» RECORDS TO PROCESS
------------------------------
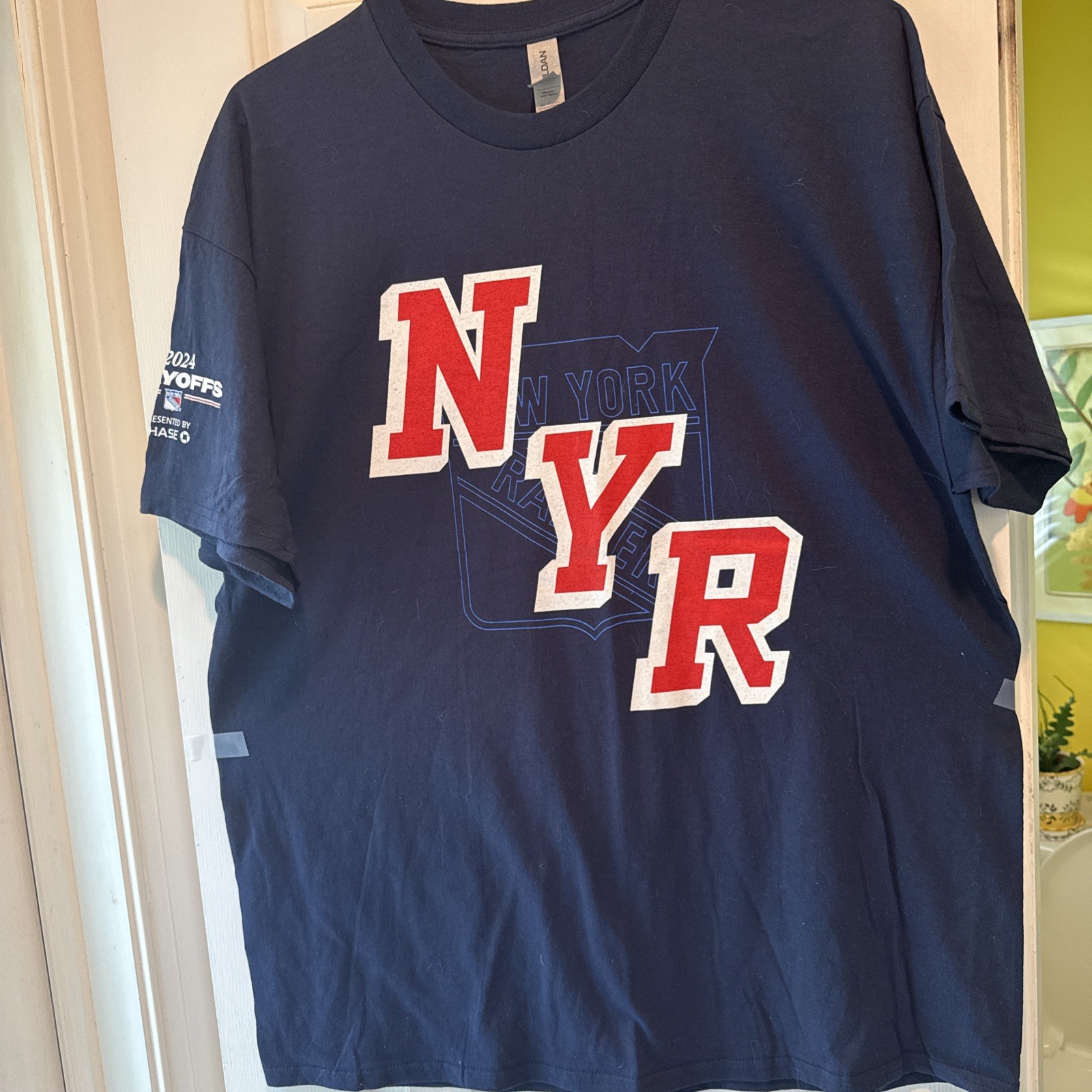2024 New York Rangers NYR Stanley Cup ECF Round 3 Game 1 Playoff T-Shirt XL MSG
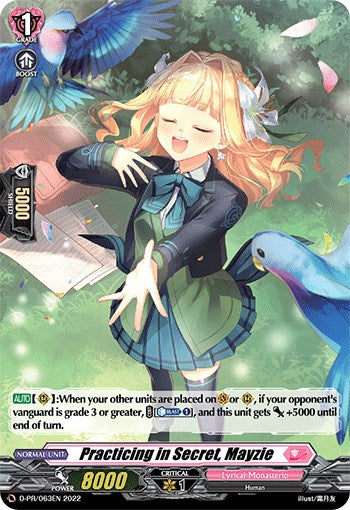 Image of Practicing in Secret, Mayzie (D-PR/063EN) [D Promo Cards]
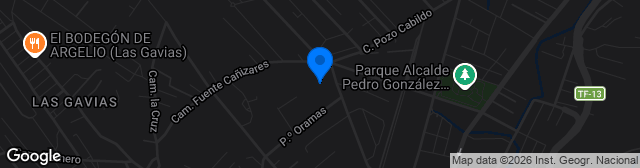 Map showing Estadio Francisco Peraza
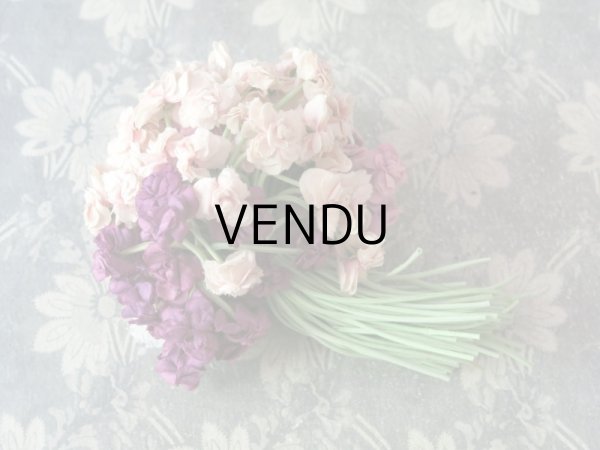 画像4: アンティーク 3色の薔薇の大きなブーケ 100輪 布花  コサージュ (4)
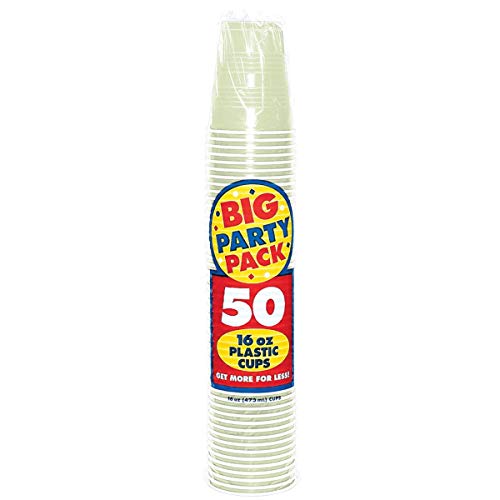 Leaf green Big Party Pack 16 oz. Plastic Cups (50)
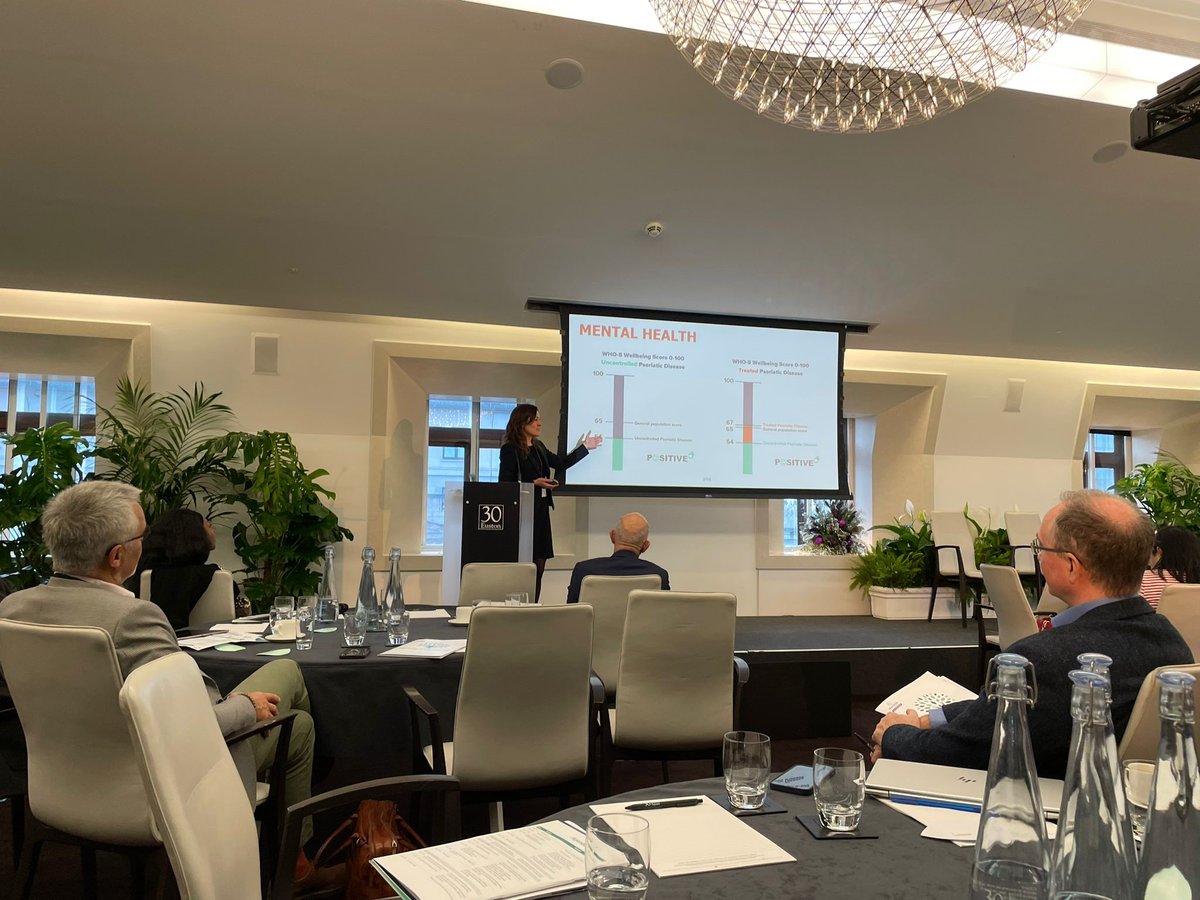 PsoriasisIFPA's tweet image. 'There is an overall improvement of well-being when psoriatic disease is well-managed. When inflammation improves after treatment, this helps both the skin symptoms and the mental health symptoms, such as anxiety and depression.'-@fridadunger 

Learn more: eu1.hubs.ly/H06lPTq0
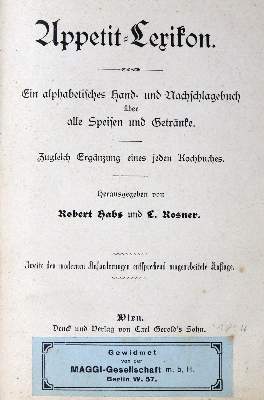 Bild Nr.2: 126-908 Habs,R. u. L.Rosner.: (Küche und Haushalt, Kochbücher)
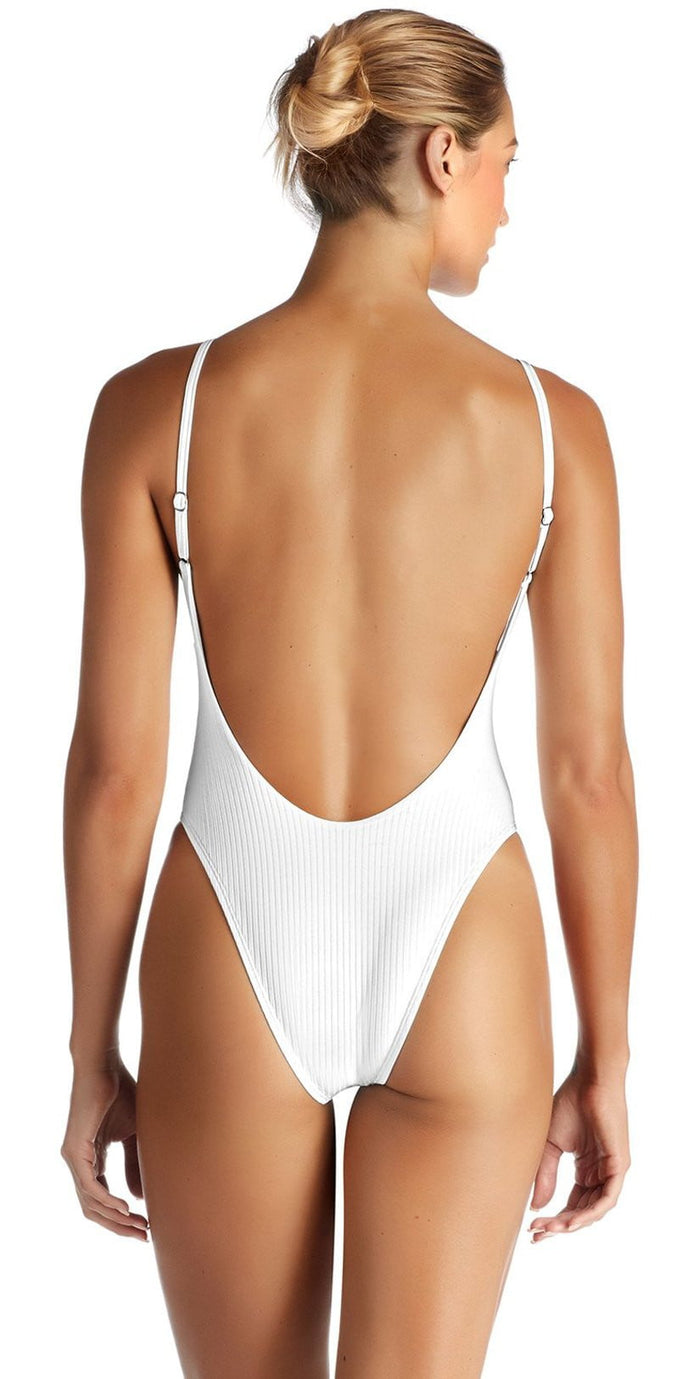 Vitamin A EcoRib Yasmeen One Piece in White 801M ERW:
------------------------------
Both the line containing "画像4: アンティーク 3色の薔薇の大きなブーケ" and the last line of the listing above belong in the copy, along with every line between them; retype them exactly and omit the pictures.

» ANSWER SECTION
 画像4: アンティーク 3色の薔薇の大きなブーケ 100輪 布花  コサージュ (4)
 Leaf green Big Party Pack 16 oz. Plastic Cups (50)
 PsoriasisIFPA's tweet image. 'There is an overall improvement of well-being when psoriatic disease is well-managed. When inflammation improves after treatment, this helps both the skin symptoms and the mental health symptoms, such as anxiety and depression.'-@fridadunger 

Learn more: eu1.hubs.ly/H06lPTq0
 Bild Nr.2: 126-908 Habs,R. u. L.Rosner.: (Küche und Haushalt, Kochbücher)
 Vitamin A EcoRib Yasmeen One Piece in White 801M ERW:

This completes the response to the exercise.